Meanwhile, "there is no question" that membership of the euro zone shelters small countries like Slovakia from global financial turmoil, he said.
His comments come as EU finance ministers meet today (4 March) in Brussels to assess the economic stability and convergence programmes of the bloc's 'new' member states.
"The euro is now clearly more than just the sum of the parts that created it" and "it is likely to become stronger, particularly because the dollar is expecting some difficulties that seem more long-term," said Professor Cobham. "The key thing is that if the euro zone is a large currency block, it is an area where currency relations are stabilised, which promotes trade, investment and growth," he added.
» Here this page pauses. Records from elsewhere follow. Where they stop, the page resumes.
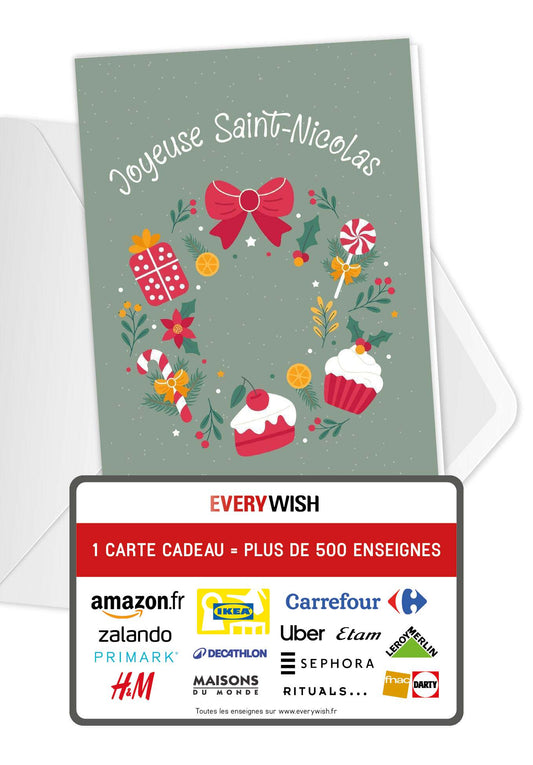 Joyeuses Saint-Nicolas - Couronne de bonbons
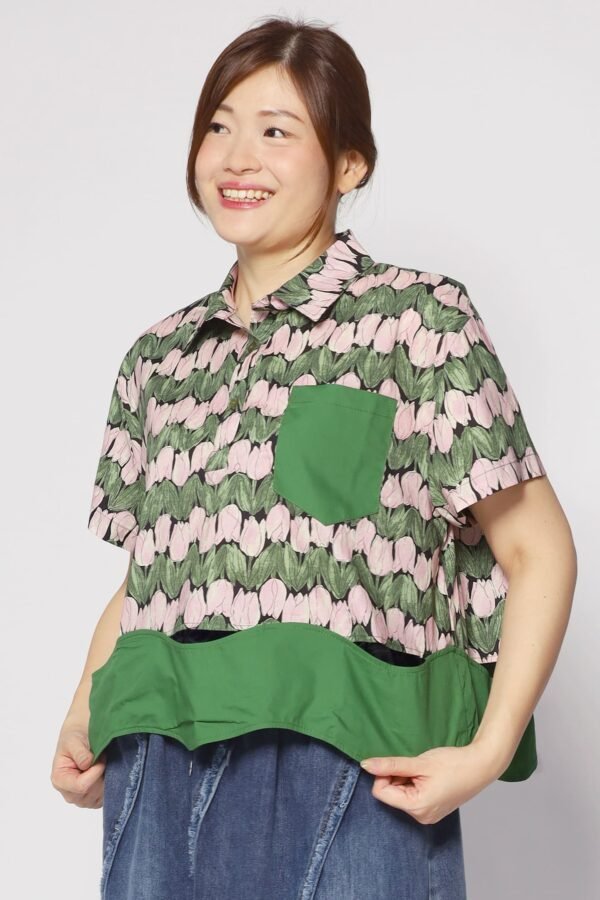 Backorders Harnie Top in Tulip Print - Image 2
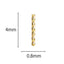 NAILTAS Nail Deco Parts M017  0.8mm x 4mm 80p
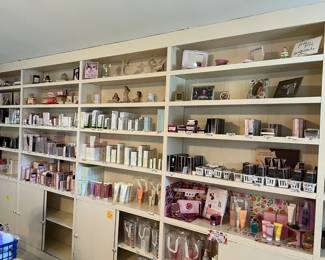 An entire room full of new Mary Kay cosmetics, perfumes, collectibles and accessories. Marked prices will be 25% off Friday and 50% off Saturday.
Although he conceded that the 'new' EU countries would have to pay for euro-zone membership "with some loss of flexibility," Cobham insisted that "flexibility for a country like Slovakia is in no case anywhere near to being [a] serious [issue]".
He does not think it is a negative thing that some of the 'new' member states need "a little bit more time" to prepare to adopt the single currency, but admits that "if they were not able to get in for the next ten years" then "that would represent a serious unwillingness".
Rejecting suggestions that 'real convergence' should be part of the euro-zone membership criteria, Cobham says "in some respects, countries that are weaker in terms of real convergence tend to get more from entering monetary union". Moreover, he does not believe Slovakia's trade relations with non-euro members like Hungary, Poland or the Czech Republic would suffer if it became the first country in the region to adopt the single currency because "all of these countries are trading heavily with the euro zone".
He highlights the "large gains" made by Portugal - "which had all sorts of structural problems" and a lower average income level than other countries when it joined - as a positive example of what Slovakia and the other central European countries may experience when they adopt the currency.
Regarding the 'old' member states, Cobham describes the decisions by the UK, Denmark and Sweden to remain out of the euro zone so far as "highly political" ones, but insists that there is also an economic aspect to the UK's reluctance to join related to the decade-long overvaluation of sterling.
Finally, the professor rejects suggestions that the position of the UK financial services sector is influencing the decision to stay out, claiming that "the City of London is not particularly anti-euro" and indeed is "already in a kind of euro zone as an enormous amount of the activity that goes on [there] is in euro".